◆ **Action item**
Which lines to output? The line containing "대형견 겨울 하우스 방한 텐트 실외 방수 난방 집 보온 고양이 강아지" and every line after it in the data below, each copied exactly.

Recorded information below:

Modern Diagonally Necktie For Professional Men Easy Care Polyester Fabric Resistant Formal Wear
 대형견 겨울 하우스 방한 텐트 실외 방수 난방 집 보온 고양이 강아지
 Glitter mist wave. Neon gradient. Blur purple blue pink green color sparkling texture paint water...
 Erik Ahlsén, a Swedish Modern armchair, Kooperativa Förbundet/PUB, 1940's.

End of Recorded information.

◆ **Solution to this exercise**
 대형견 겨울 하우스 방한 텐트 실외 방수 난방 집 보온 고양이 강아지
 Glitter mist wave. Neon gradient. Blur purple blue pink green color sparkling texture paint water...
 Erik Ahlsén, a Swedish Modern armchair, Kooperativa Förbundet/PUB, 1940's.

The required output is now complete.